Bu dünyadaki yaşamımız bize ne ifade eder? Varoluşumuz herhangi bir amaca hizmet eder mi veya etmeli midir? Biz de sevdiğimiz birçok insan gibi bu dünyadan göçüp gittiğimizde varlığımızın ne anlamı kalır? Sevdiklerimizin kaybından geriye kalan sadece keder midir?


Özellikle Yang’in kaybından sonra, Jake’in nihilist bir boşluğa düştüğünü ve kendisinin de tanımlayamadığı bir çeşit keder hissi ile boğulduğunu görüyoruz. Yang’in anılarından yola çıkarak onu anlamaya çalışırken bir yandan da kendi varlığının önemini sorgulayan Jake, diğer her şey gibi sona geldiğinde ne olacağını bilmemenin verdiği korku hissini de tadıyor. Yang’in anılarında söylediklerinden de yola çıkarak hayatın anlamını ve varoluşumuzun amacını aradığımız filmde felsefi sorgulamaya itildiğimiz iki önemli sahneden bahsetmekte fayda var:


Bunlardan ilki, Kyra’nın Yang’in odasına girdiği ve onun kelebek koleksiyonu hakkında konuşmaya başladıkları sahne. Bu sahnede ikili arasında geçen ve “sonun başlangıcı var mıdır?” sorusunu bizlere de sordurtan diyalog şu şekilde:


Yang: Eski Çin filozofu Lao Tzu bir keresinde şöyle demişti: “Tırtılın sonu denilen şeye, dünyanın geri kalanı kelebek diyor.”


Kyra: Bunu sevdim. Bu senin inandığın bir şey mi?


Yang: Hmm?


Kyra: Her sonun aynı zamanda bir başlangıç olduğu.


Yang: Tırtıl için evet.


Kyra: Ama bunun her şey için geçerli olduğuna inanıyor musun?

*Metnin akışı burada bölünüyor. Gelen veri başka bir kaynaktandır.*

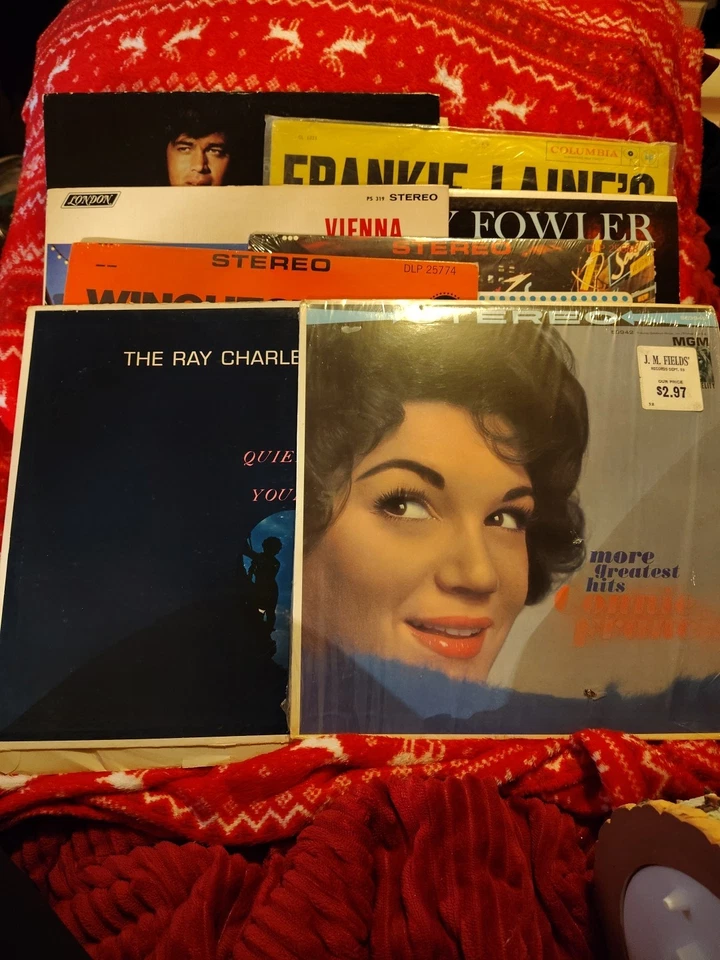 8 EXC Vintage LPs Connie Francis J.M. Fields Sticker + 3 RARE Catalog Sleeves - Image 2 of 4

Yang: Bilmiyorum. Bu şekilde inanmaya programlanmadım. Peki ya sen?


Kyra: Buna inanmak isterim.


Yang: İnanıyor musun?


Kyra: Bazen insanların böyle şeylere inanmaya programlandığını düşünüyorum. Ama bunun bizim yararımıza olup olmadığını bilmiyorum.

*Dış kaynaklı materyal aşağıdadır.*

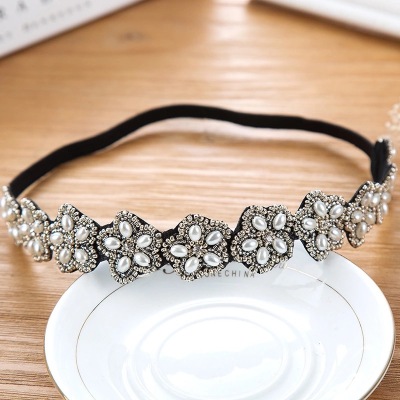 Manufacturers selling Europe nation wind pearl hair with hand beaded headband hair hair hair band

Yang: Hiçbir şey olmadan bir şey olmaz. (There is no something without nothing.)


Kyra: Lao Tzu?


Yang: Emin değilim.


Tırtılın kelebeğe dönüşümünden yola çıkarak “her sonun bir başlangıcı” olduğu varsayımına giden, daha doğrusu bu varsayımı sorgulayan ve sorgulatan bu diyalog izleyiciye bir tokat gibi çarpıyor. Ölümden sonra hayat olup olmadığını ve bir çeşit döngünün içinde yaşayıp yaşamadığımızı düşünürken Kyra’nın cümleleri bu düşünsele farklı bir boyut katıyor. Bazı insanların buna inanmaya programlandıklarını söylerken aslında bu insanların inançlarını kaybettiklerinde diğer her şeyi de kaybedeceklerini vurguluyor. Diyalogun sonunda ise Yang tek bir cümle ile varoluşumuzun nasıl temellendiği hakkında birçok şey söylüyor: “Hiçbir şey olmadan bir şey olmaz.” Kendi varlığımızın diğer her şeye bağlı olduğunu ve diğer her şeyin bizim varlığımız ile iç içe geçtiğinin altını çizen bu cümle filmin özeti niteliğinde desek yanlış olmaz herhalde. Koca bir filmi bu düşüncenin üzerinde şekillendiren Kogonada’nın filme dâhil ettiği bir diğer çarpıcı örnek ise çay motifi üzerinden doğanın varlığına ve bizim varlığımızın doğa ile iç içe geçmiş oluşuna vurgu yaptığı sahne. Bu sahnede Yang’in Jake’e çay yapmayı neden bu kadar sevdiğini sorması üzerine ikilinin derin bir diyaloga girdiğini görüyoruz. Çay motifi üzerinden tüm dünyayı içine alan ve hislerimizi tasvir etmenin ne kadar zor olduğunu tekrar gösteren bu diyalog varoluşsal sancılarımıza bir yenisini daha ekliyor. Jake’in izlediği bir belgeselden alıntı yaptığı bu diyalogun bir kısmı şu şekilde gelişiyor:


Jake: Filmde bu bölüm var, adamın Alman arkadaşına çayın tadını tarif etmenin neden bu kadar zor olduğunu açıkladığı harika bir bölüm. Diyor ki, “Bunun için bir dil yok. Çayın gizemli doğasını yeterince ifade edecek kelime yok.” Yanında bir fincan çayla duran Alman arkadaşı şöyle diyor: “Evet, ormanda yürüyormuşsunuz gibi bir şey hayal ediyorsunuz. Yerde yapraklar var. Yağmur yeni dinmiş. Yerler ıslak ve siz yürüyorsunuz. Ve bir şekilde hepsi bu çayın içinde.” Bunu çok sevdim. “Her nasılsa, hepsi bu çayın içinde.” Tanrım, tekrar tekrar izledim.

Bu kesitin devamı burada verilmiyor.